Casacos passeiam na praça com seus motivos solenes.
Bicicletas ligeiramente dão ao ar um movimento de céu ou de
mar, com suas nuvens circulares.
Mal posso olhar para o céu. Uma moldura branco-gelo aprisiona
no tempo uma árvore desfolhada que ergue seus nervos, digna, honrando sua seiva, sua
raiz.
- Sai desse vento, menina. – o velho que passa lembra minha mãe.
O conselho pára na página do livro. A cidade se intromete no
meu projeto diário. A cidade me parte em duas, como o livro, aberto, que nesse
momento apoia minha espera por mais um dia da minha sina, pequena cela do outro
livro, livro-ponto e vontades proteladas deixadas na segunda gaveta para quando encerrar o expediente.
É triste o dia porque a doçura está arranhando meus pés
pedindo para correr. É triste porque as horas do dia – agora cinza – se tornarão
dígitos, carimbos, frases prontas para explicar os inexplicáveis débitos créditos dos dias que deviam ser apenas azuis.

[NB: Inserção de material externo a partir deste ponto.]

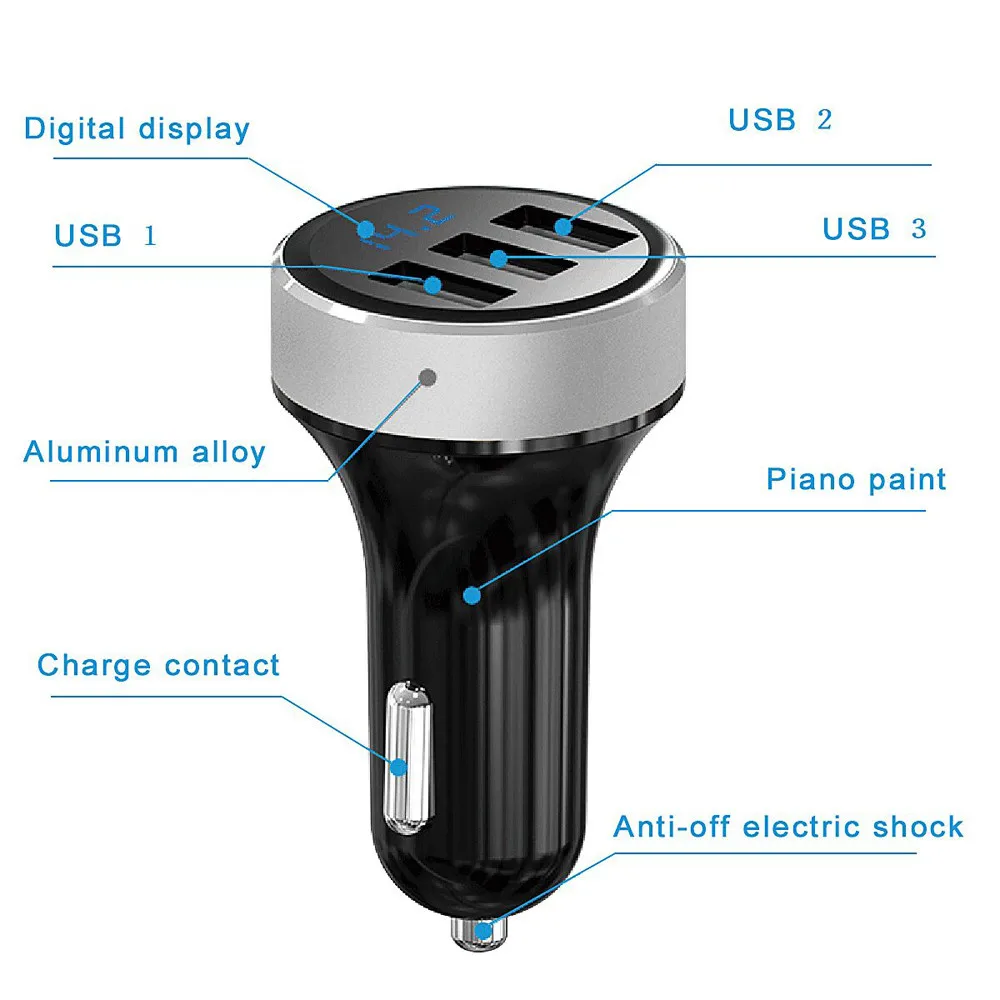 Car Charger 5V 3.1A Quick Charge 3 USB Port Cigarette Lighter Adapter Voltage Blue LED Voltmeter and current display 5V / 3.1A
Car Charger 5V 3.1A Quick Charge 3 USB Port Cigarette Lighter Adapter Voltage Blue LED Voltmeter and current display 5V / 3.1A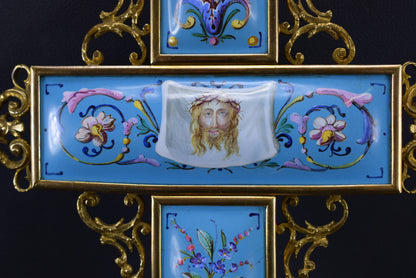 Vintage Blue Holy Water Font Veronica Veil Holy Face of Jesus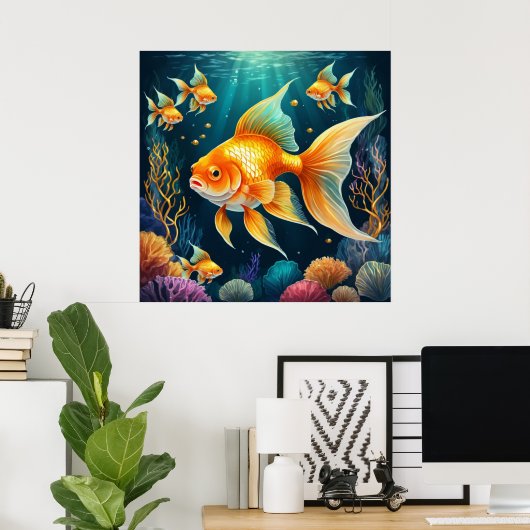 Gouden vis onder water poster (Thuiskantoor)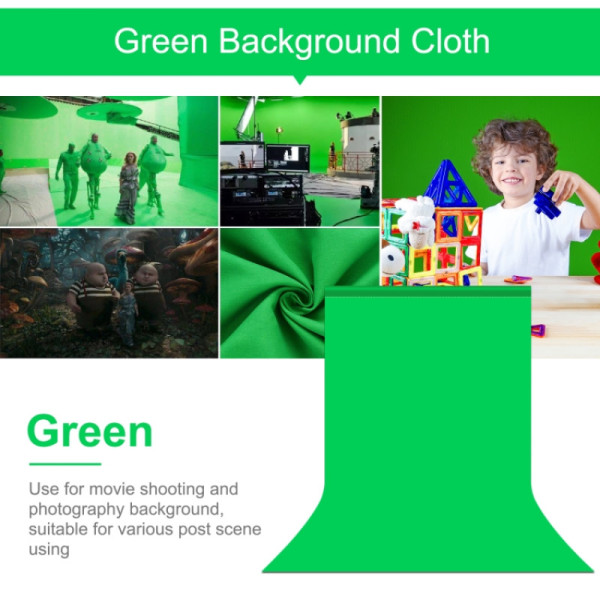 Фон студійний тканинний Puluz PU5209G green Chroma Key 1х2м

Leio: “Tonterias”. É triste que eu tão tonta às vezes seja tão
sensata.
***
Mas em certos segundos meu coração batendo se perturba de um
querer indecente. Sorrir no meio da
manhã – torta, com seus monitores também cinza, mas de outro cinza sem
romantismo ou lirismo algum.
Morder a tarde que já angustiada morre informando na
monocromia do seu céu polido que acabo de perder mais um milagre. Espalho, com um criminoso sonho de
vento, tufão, ou onda gigante, a despedaçar os
papéis e os deferimentos, as normas de instrução.
Em letras grandes, como se bandeira: REVANCHE CONTRA O DESPERDÍCIO DA MINHA MÃO QUE NÃO ESTÁ ESCREVENDO POESIAS OU DISTRIBUINDO PÃO.
***
O dia lá fora parcela vida em diminutos momentos de pôr em postais, doces de abóbora-pão de queijo-pirulito de chocolate-violão.
Entristecido, quase choro, mais que choro - inundo. E molho os contratos, cartões e cláusulas
gerais.
Lá se vai a paz. Lá se vão os jornais. O espelho risca meu rosto de um letreiro urgente: a vida é pouca, e tamanha. E em silêncio eu torço contra os formulários.